-- YOUR OBJECTIVE --
Using the listing below, copy every line that mentions "trees".

-- DATA FOR PROCESSING --
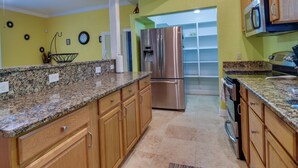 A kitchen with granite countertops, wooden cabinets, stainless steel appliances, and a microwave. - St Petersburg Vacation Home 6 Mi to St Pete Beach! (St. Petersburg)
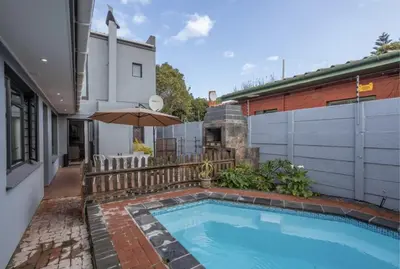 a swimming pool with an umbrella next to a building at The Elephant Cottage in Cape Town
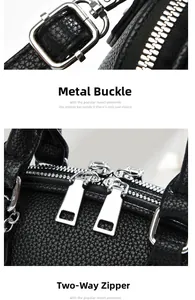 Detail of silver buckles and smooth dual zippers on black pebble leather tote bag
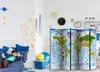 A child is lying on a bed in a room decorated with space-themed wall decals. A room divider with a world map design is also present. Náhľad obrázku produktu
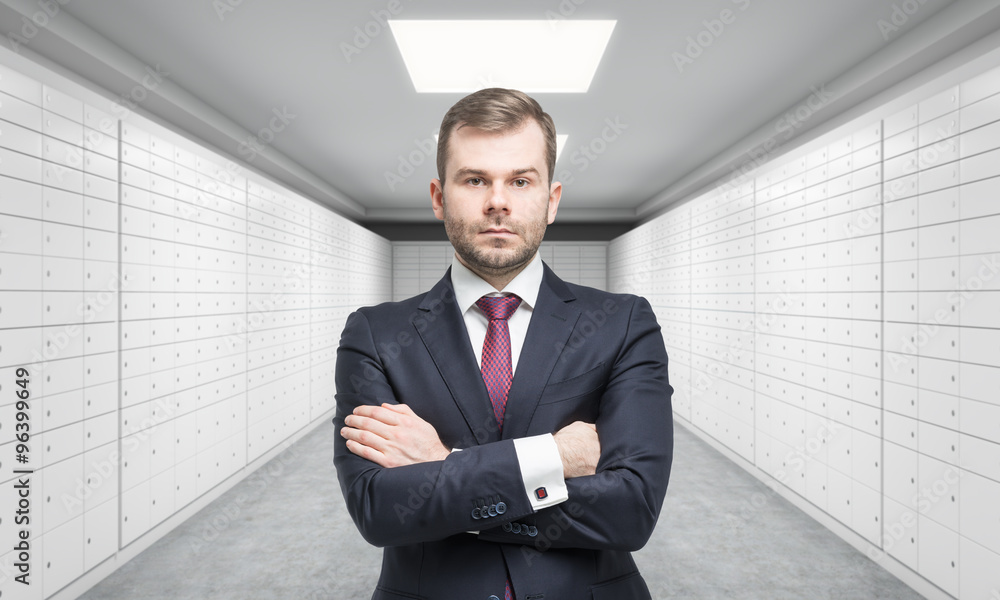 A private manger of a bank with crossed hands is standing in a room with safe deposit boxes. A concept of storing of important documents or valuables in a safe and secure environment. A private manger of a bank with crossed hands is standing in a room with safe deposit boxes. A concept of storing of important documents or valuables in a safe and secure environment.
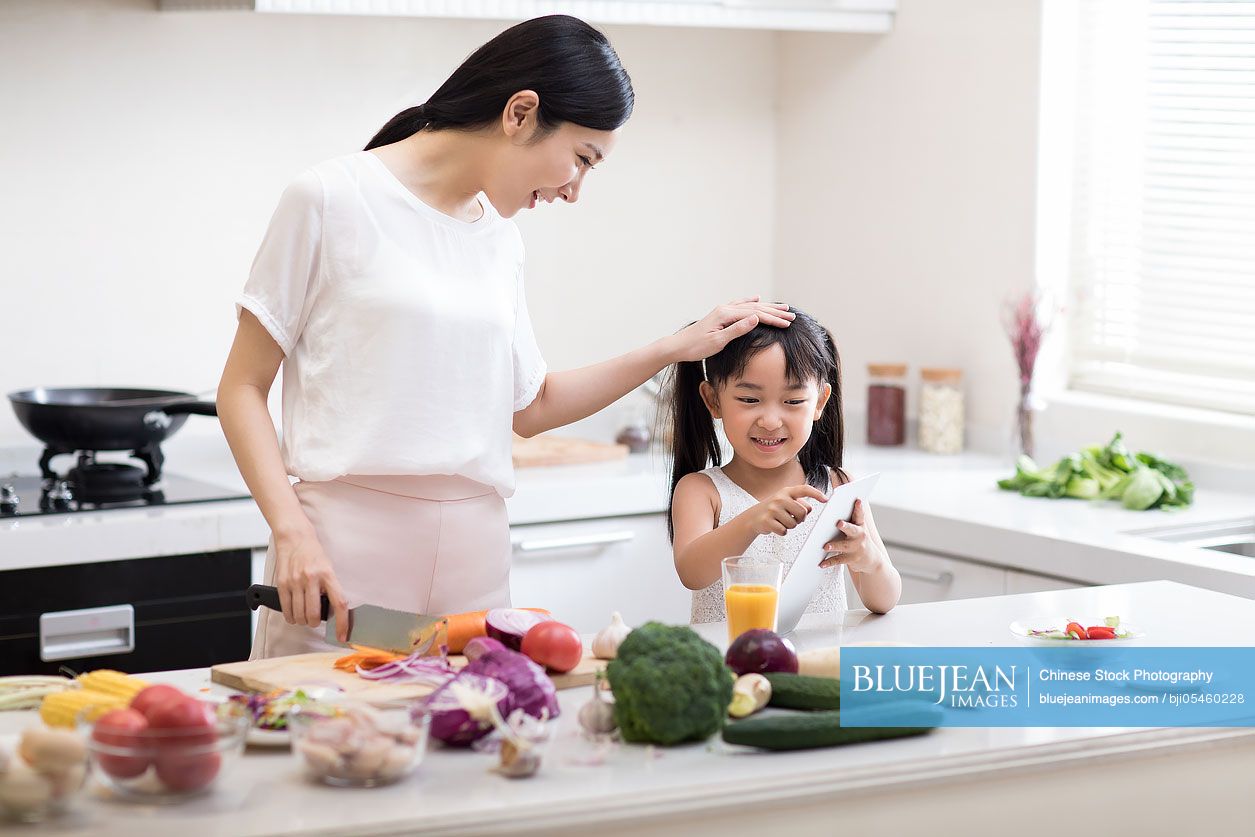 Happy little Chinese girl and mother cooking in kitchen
--
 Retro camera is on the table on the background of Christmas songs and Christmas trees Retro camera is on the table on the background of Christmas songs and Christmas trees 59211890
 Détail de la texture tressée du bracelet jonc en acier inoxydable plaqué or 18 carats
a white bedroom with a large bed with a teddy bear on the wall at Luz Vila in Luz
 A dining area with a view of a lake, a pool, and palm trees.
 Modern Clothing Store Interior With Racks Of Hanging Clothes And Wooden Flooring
...
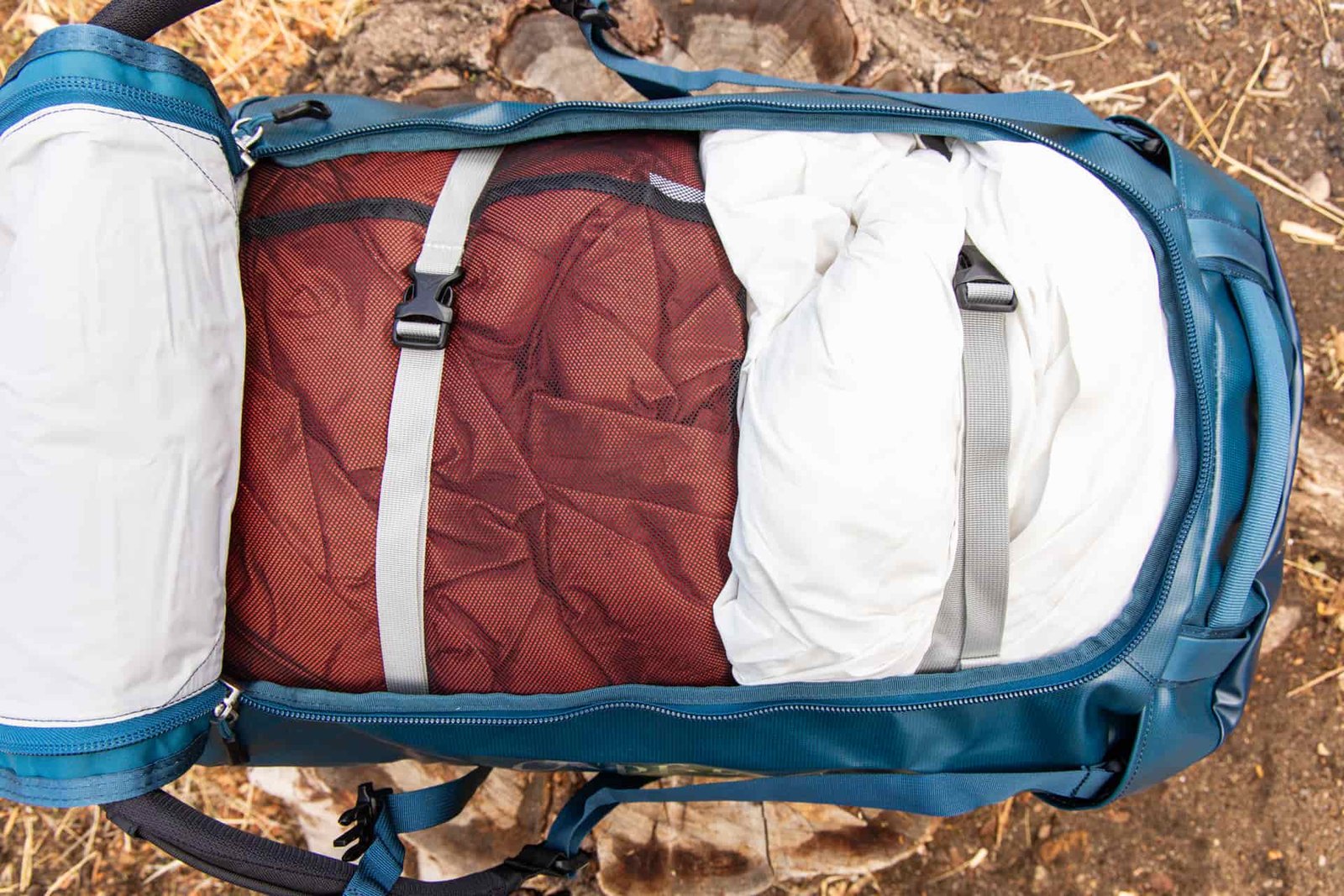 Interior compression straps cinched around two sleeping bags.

-- OUTPUT OF THE TASK --
 Retro camera is on the table on the background of Christmas songs and Christmas trees Retro camera is on the table on the background of Christmas songs and Christmas trees 59211890
 A dining area with a view of a lake, a pool, and palm trees.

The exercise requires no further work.